Hello Clam Lake!
GOT MOSQUITOES? Yes!!!!!!!!! The “Wisconsin State Bird” has hatched in record numbers due to our 150+ inches of snow melting quickly as we went from winter to summer in record time. Bug spray is the cologne of choice these days as is the ever fashionable netted head gear. Quick dashes are made in and out of cars and doors to avoid inviting in guests whom are only too happy to join us as we try to drive or do anything. Hopefully, the subsequent hatching of dragon flies will help. I’ve also heard that we may have another outbreak of the dreaded tented army caterpillars this summer. Who can wait?
ST. GEORGE CHAPEL: Once again our historic “Chapel in the Pines” has opened its doors for the summer season. St. George has always been a seasonal mission church providing for the religious needs of our tourist community with locals, summer people and visitors both attending. We welcome all to take a step back in time and come experience worship in our log cabin chapel built in 1948 from the forest that surrounds it. Mass is celebrated every Saturday at 6:00 pm.

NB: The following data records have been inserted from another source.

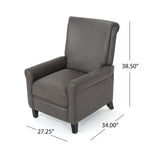 Charell Traditional Microfiber Recliner by Christopher Knight Home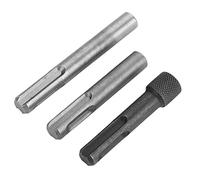 Zerodis Steel 3Pcs 1/4 Hex Shank Converter, Durable Socket Adaptor for SDS Hammer Drill, SDS Plus Bithalter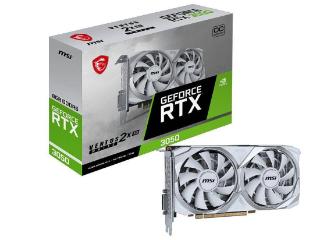 微星推出白色版万图师 RTX 3050 显卡：8GB 显存、128bit 位宽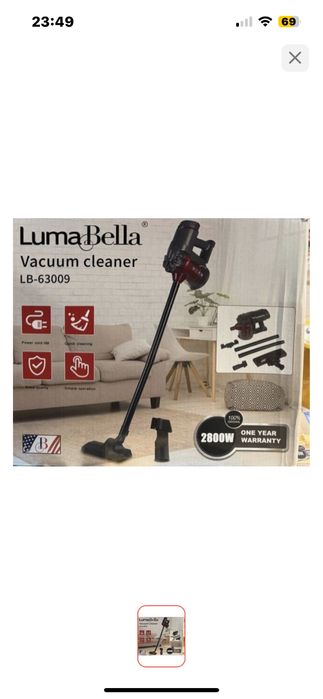 Продам пылесос новый 2800 волт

ELK UPDATE: As reported in the Wisconsin Outdoor News the Wisconsin elk herd is scheduled to hit the 500 mark after the spring calving season. 355 animals will comprise the northern herd with 160 elk in the newer southern herd. Josh Spiegel, DNR wildlife biologist in Sawyer County, told the Natural Resources Board that the key to keeping both elk populations expanding is “finding the line between long term growth which goes with with the bull-to-cow ration, and enough bulls to replace bulls lost through mortality.”The goal is to find the surplus number of bulls that allows for hunter opportunity, general recreation for people who want to see elk and herd growth. The harvest (once again 8 for the 2023 season) should maintain a ratio of 40 bulls for 100 cow elk. Spiegel said the harvest quota not only considers desires of hunters, but interest from elk observers in the Clam Lalke area. Elk were extirpated in Wisconsin in the 1880’s due to unregulated hunting. Several attempts have been made to bring the native animals back. An initial attempt in 1913 and 1917 failed by the 1950’s due, once again, to unrelulated hunting.The potential goal for the Clam Lake herd is 1,400 elk.
MEET THE NEW CAMP HOST: I had a chance last week to chat with the new Camp Host at Day Lake. This would be Lynn Plendl who comes to us from Rib Lake WI. Lynn worked for BW Paper Systems as a high voltage electronic technician and after retiring decided to give Camp Hosting a try. Before she was at Day Lake she hosted at Dead Horse Ranch in Arizona and was also a cave tour assistant at the Kartchner Cavern State Park near Tuscon. She found the cave work very interesting and is happy for the experience. When I asked her why she decided to head up north she said after visiting a friend whom had bought land she decided she’d like to be near a lake and an ATV trail. Day Lake seemed the obvious choice. She loves to kayak and was glad to find a trail leading right down to the lake on her camp site where she can moor her kayak and enjoy a paddle and some fishing. And with the trail head so near she is all set to start exploring the forest with her ATV. Accompanying Lynn is Bree, whom is a 16 year old Jack Russell terrier, whom loves squirrels so is finding her new enviorns enjoyable. Bree also likes to ride side saddle in the ATV and go for kayak outings. If you have peanut butter she is your friend for life. Both were happy to report that they had already seen an elk whom was visiting the campground. We welcome them and hope they have a great summer and thank them for serving our forest and the people that come to visit it. (As a side note: All Camp Hosts in the National Forest are volunteers and are not paid for their services. We say thank you!)
Until next week…..
Pictured is Lynn Plendl and Bree enjoying a kayak ride.